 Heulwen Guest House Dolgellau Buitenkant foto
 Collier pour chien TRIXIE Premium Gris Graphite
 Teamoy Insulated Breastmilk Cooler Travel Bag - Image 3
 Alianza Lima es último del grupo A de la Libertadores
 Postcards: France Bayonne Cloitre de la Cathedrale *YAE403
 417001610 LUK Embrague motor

-*-

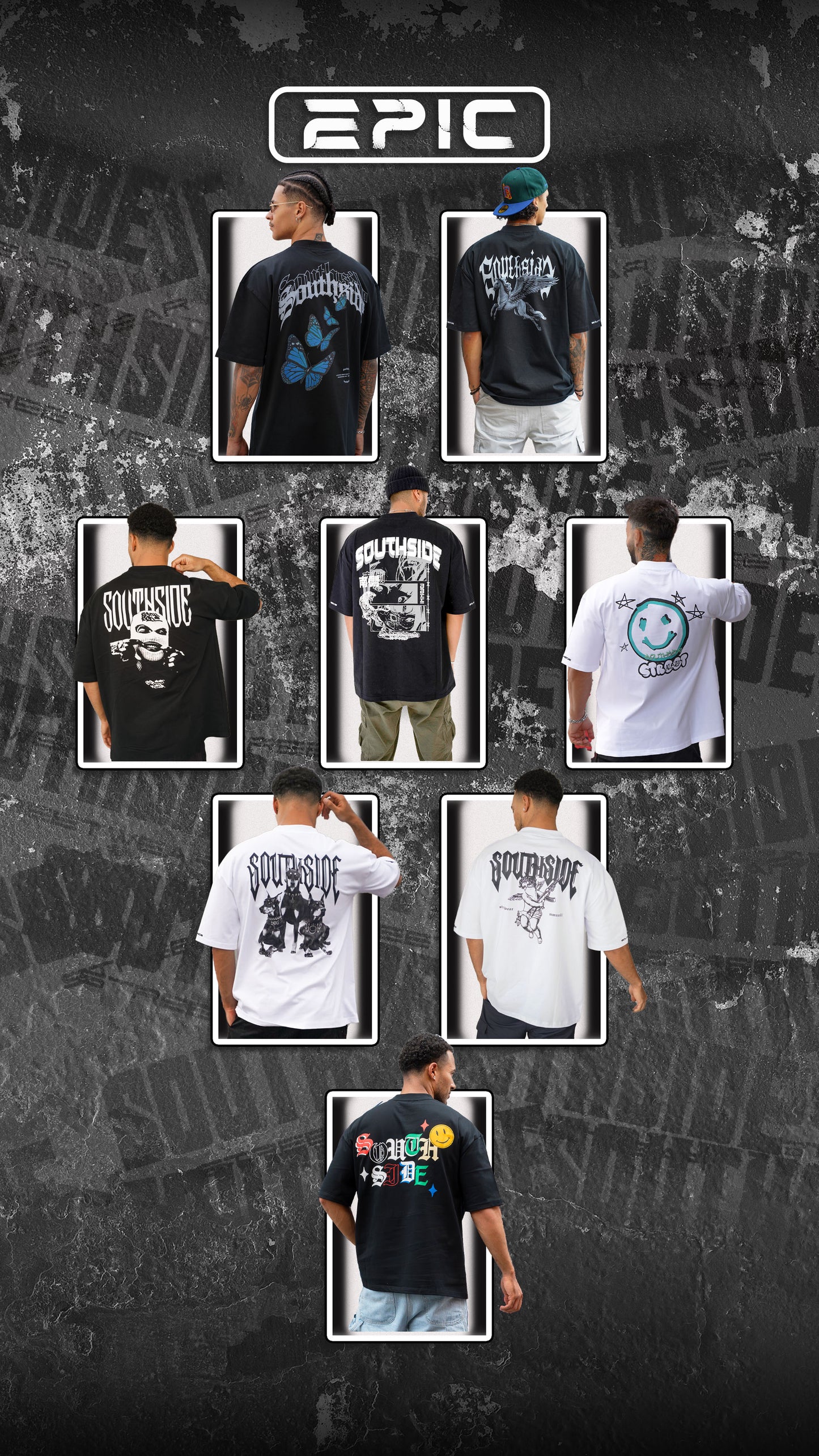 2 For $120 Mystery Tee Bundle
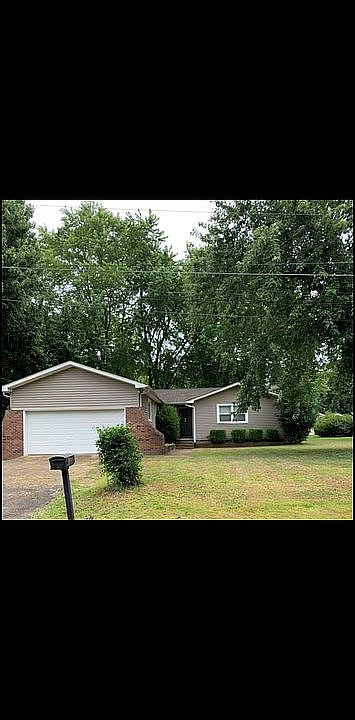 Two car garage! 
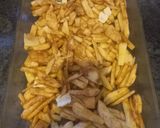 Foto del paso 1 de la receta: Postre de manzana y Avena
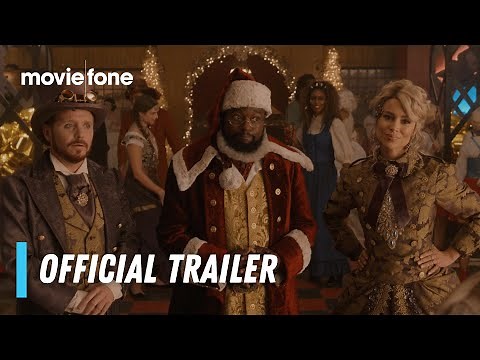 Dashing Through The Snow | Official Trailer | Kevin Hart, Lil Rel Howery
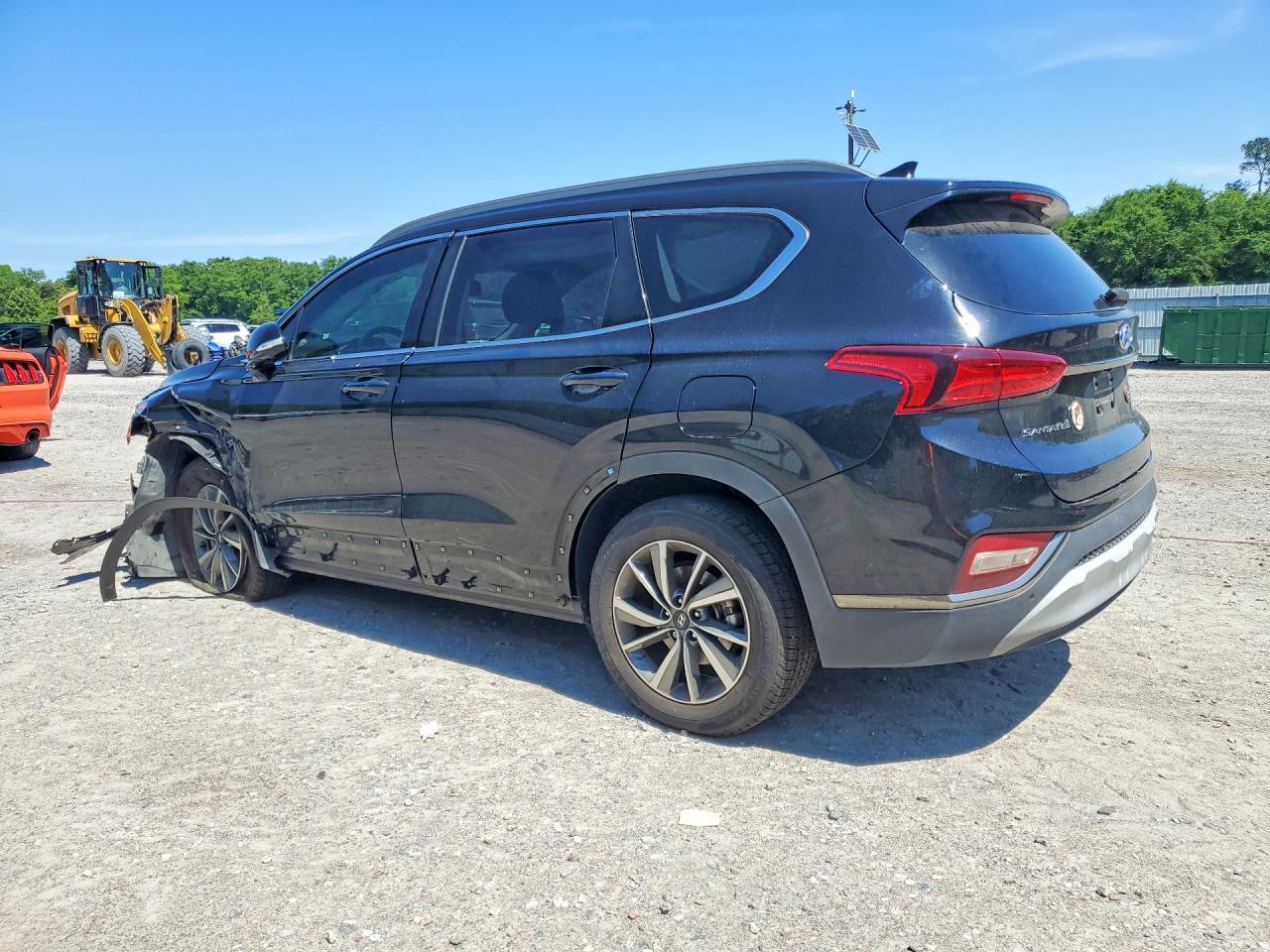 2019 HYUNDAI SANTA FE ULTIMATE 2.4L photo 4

-*-

When you reach the line with "Foto del paso" in the records above, begin repeating the lines exactly, and stop after the line with "2019 HYUNDAI SANTA FE ULTIMATE 2.4L photo 4". Skip all pictures.

 Foto del paso 1 de la receta: Postre de manzana y Avena
 Dashing Through The Snow | Official Trailer | Kevin Hart, Lil Rel Howery
 2019 HYUNDAI SANTA FE ULTIMATE 2.4L photo 4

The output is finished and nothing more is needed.